Thank you for your advice @soloice.
I tried now with just different is_training
and reuse
parameters:
lambda: tf.contrib.layers.batch_norm(inputT, is_training=True, reuse=None, decay=0.9, epsilon=1e-5, center=True, scale=True, updates_collections=None, scope=scope),
lambda: tf.contrib.layers.batch_norm(inputT, is_training=False, reuse=True, decay=0.9, epsilon=1e-5, center=True, scale=True, updates_collections=None, scope=scope)
still don't get good validation and testing results... >70%...
hi,
please see my wrapper above.
you should use "with tf.variable_scope(scope, reuse=reuse):" I think.
Hi @ishaybee,
I followed your advice, now my code is:
def BatchNorm(inputT, is_training=False, reuse=True, scope=None):
with tf.variable_scope(scope, reuse=reuse):
return tf.contrib.layers.batch_norm(inputT, is_training=is_training, reuse=reuse, scope=scope, updates_collections=None, decay=0.9, center=True, scale=True)
and I feed is_training
and reuse
through the feed_dict, but now I get the error ValueError("The reuse parameter must be True or False or None.")
try to feed reuse as a python variable (input of the model) and as placeholder.
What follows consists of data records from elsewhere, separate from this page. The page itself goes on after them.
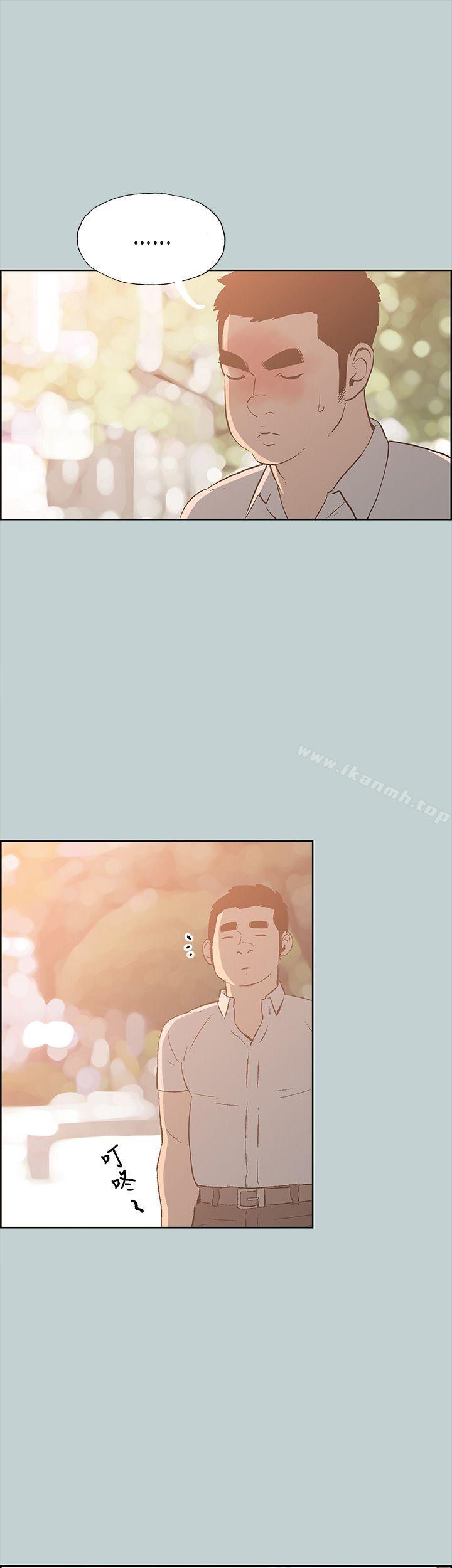 《適合劈腿的好日子》漫画 第37話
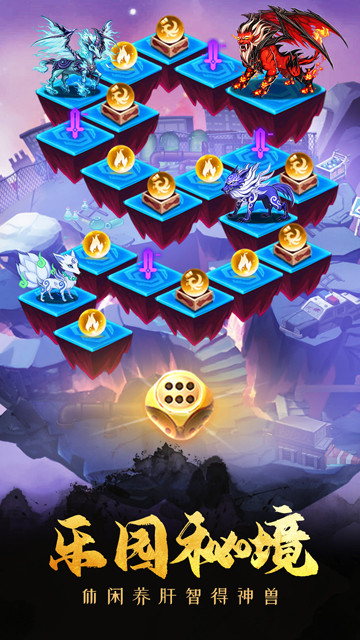 塔防镇魂师手游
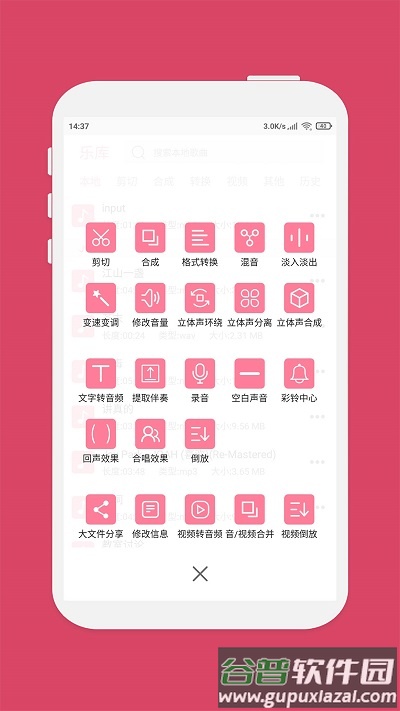 音乐剪辑app手机版截图1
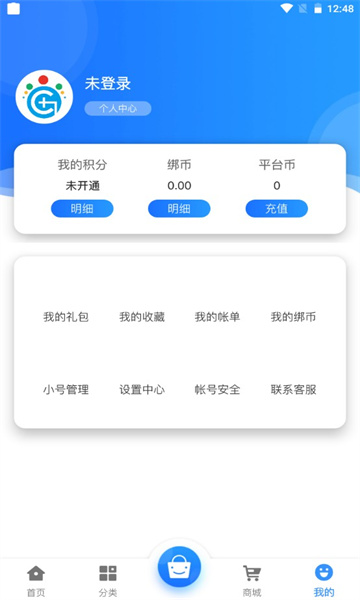 冠隆手游app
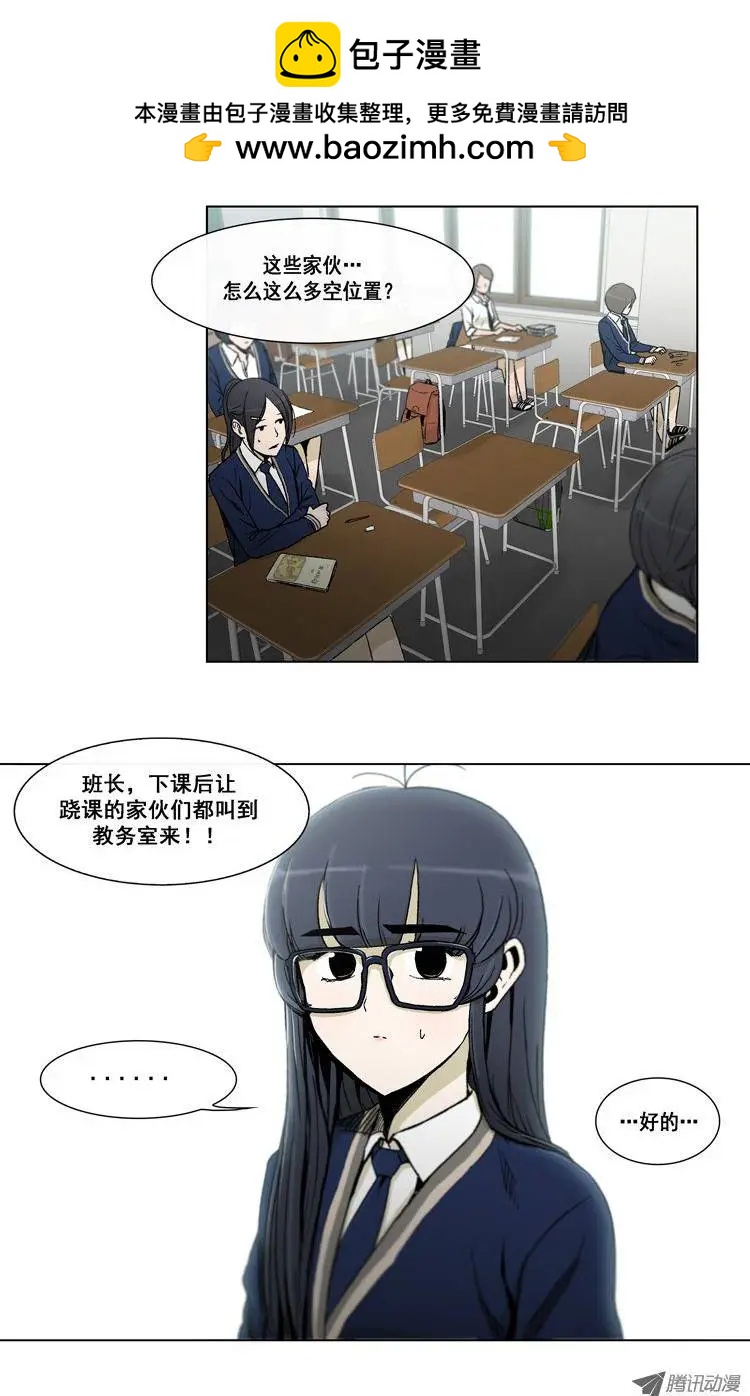 《他是女高中生》第15集 混进女校 第2页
I tried that, and now it stopped complaining about the value... but I think that the placeholder value is not being used, because I see no change if I force values to batch_norm
function, and in TensorBoard it's not connected to the graph... (see attached image)
My code is like this now:
Batch Normalisation wrapper
def BatchNorm(inputT, is_training=False, reuse=None, scope=None):
with tf.variable_scope(scope):
return tf.contrib.layers.batch_norm(inputT, is_training=is_training, reuse=reuse, scope=scope, updates_collections=None, decay=0.9, center=True, scale=True)
Model definition
def model(data, train=False, is_training=False, reuse=None):
# 1st conv layer
with tf.name_scope('conv1') as scope:
conv = tf.nn.conv2d(
<...>
norm = BatchNorm(pool, is_training=is_training, reuse=reuse, scope=scope)
Training
feed_dict = {train_data_node: batch_data,
train_labels_node: batch_labels,
is_training: True,
reuse: None}
# Run the optimizer to update weights.
sess.run(optimizer, feed_dict=feed_dict)
Validation
batch_predictions = sess.run(eval_prediction, feed_dict={eval_data: data[-EVAL_BATCH_SIZE:, ...], is_training: False, reuse: True})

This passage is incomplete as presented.